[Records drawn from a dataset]
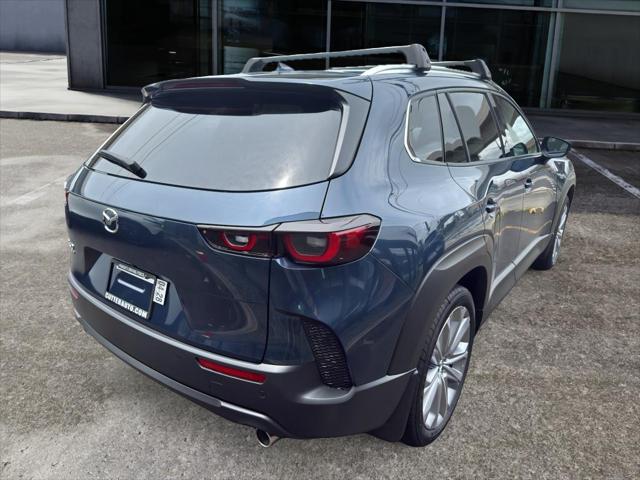 2026 Mazda CX-50 2.5 S Premium
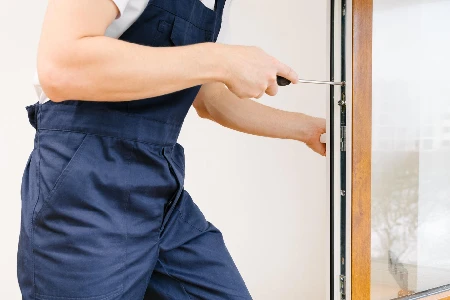 Commercial Glass Door Repair in University, FL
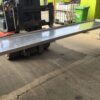 Photo of STAINLESS STEEL BENCH TOP 3.2M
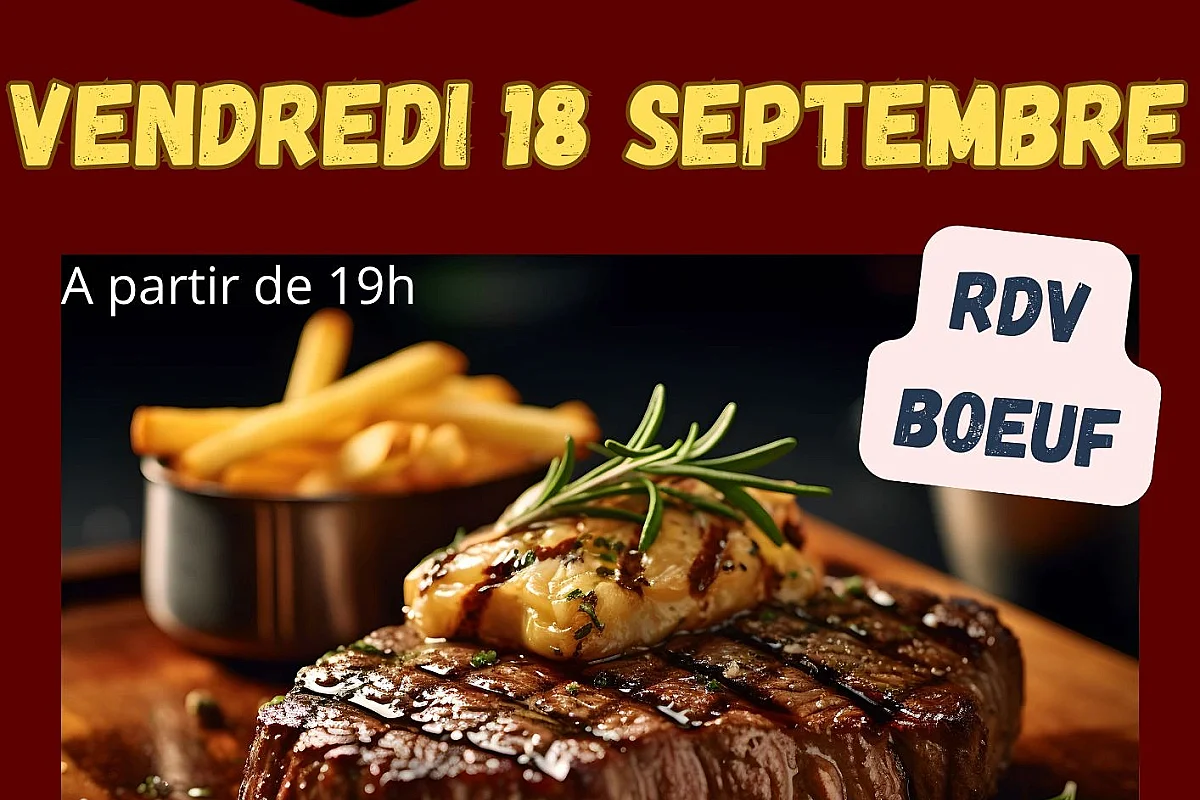 RDV BOEUF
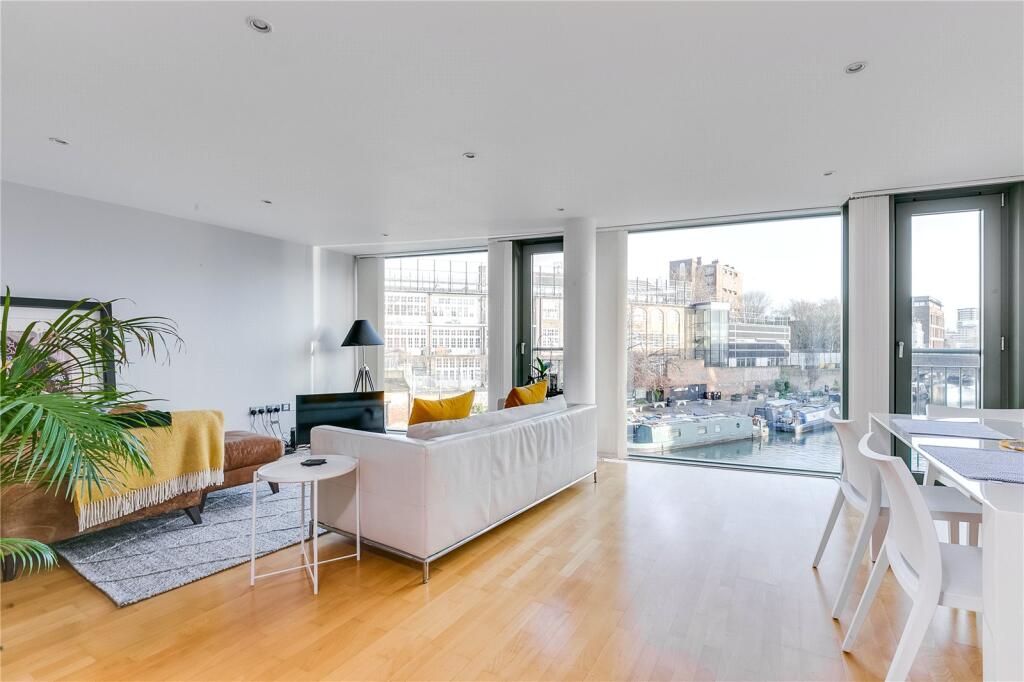 Main image of property: Crystal Wharf, 
36 Graham Street, N1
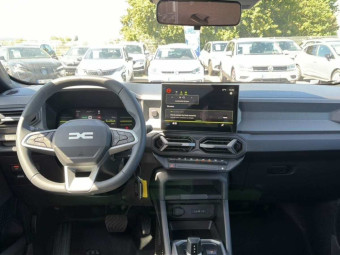 DACIA DUSTER 1.2 HYBRID-G 150 EXPRESSION 4X4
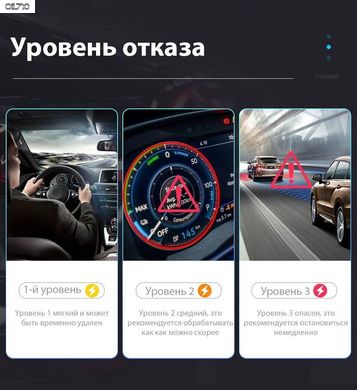 XTOOL AD10 OBD2 Діагностичний сканер EOBD Bluetooth 4.2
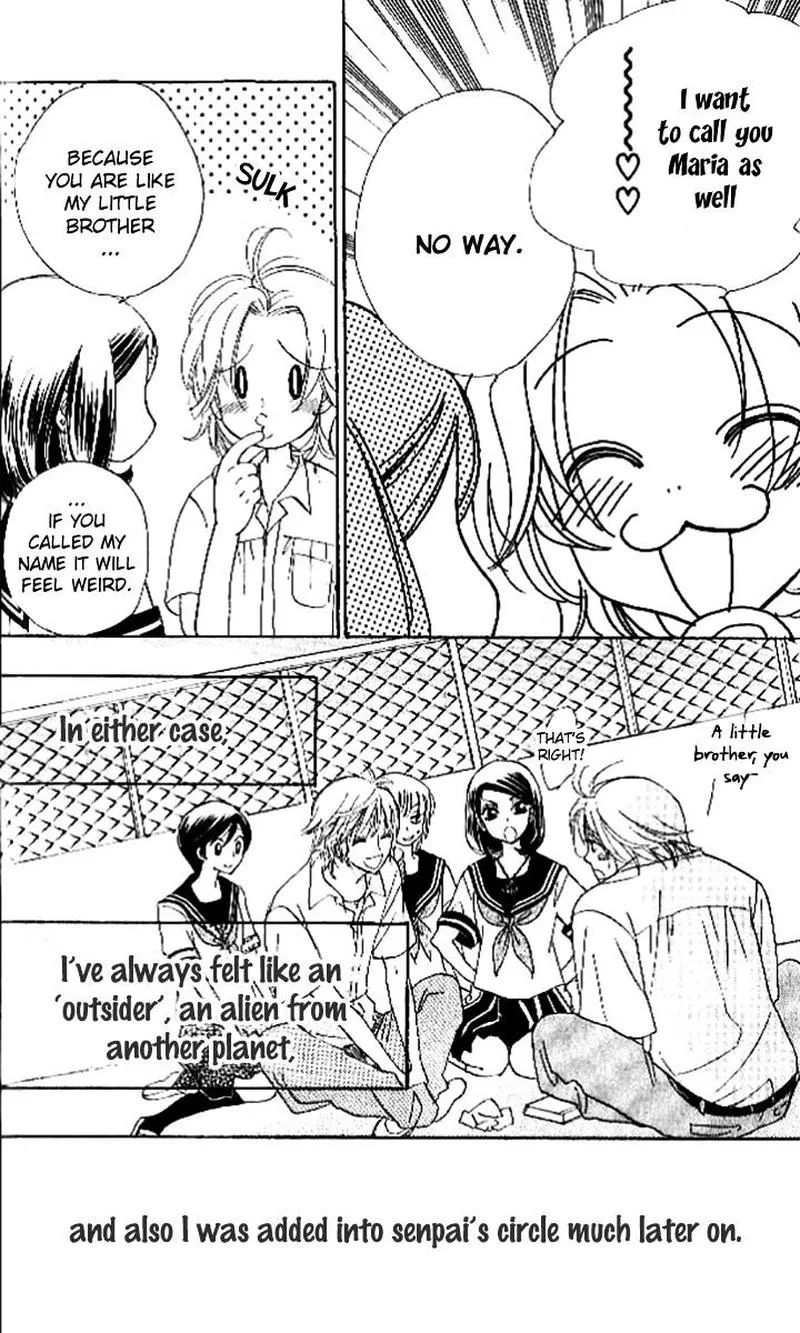 Akuma To Love Song Chapter 87 page 5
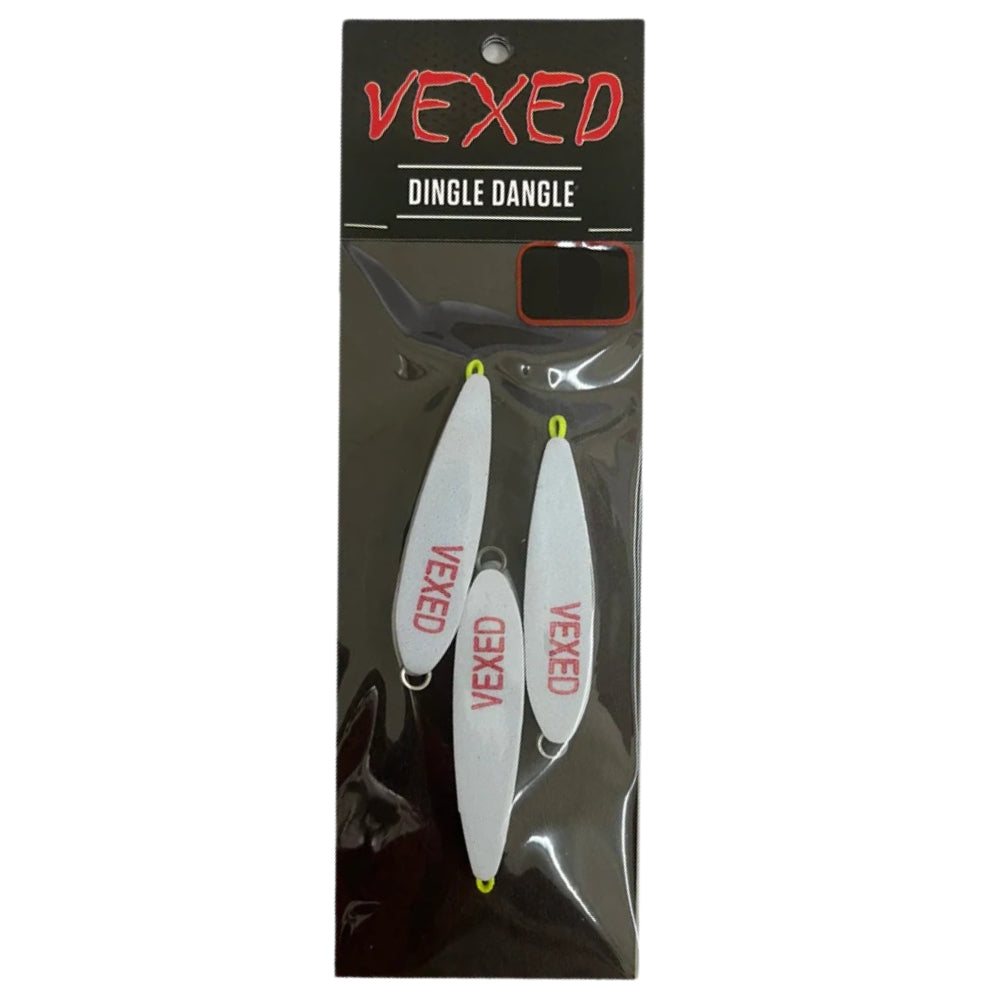 Vexed Dingle Dangles 3 Pack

### Exercise prompt
Please quote the records above exactly, beginning at the line that contains "Photo of STAINLESS STEEL BENCH TOP 3.2M" and ending at their last line. Leave the pictures out.

### Worked solution
 Photo of STAINLESS STEEL BENCH TOP 3.2M
 RDV BOEUF
 Main image of property: Crystal Wharf, 
36 Graham Street, N1
 DACIA DUSTER 1.2 HYBRID-G 150 EXPRESSION 4X4
 XTOOL AD10 OBD2 Діагностичний сканер EOBD Bluetooth 4.2
 Akuma To Love Song Chapter 87 page 5
 Vexed Dingle Dangles 3 Pack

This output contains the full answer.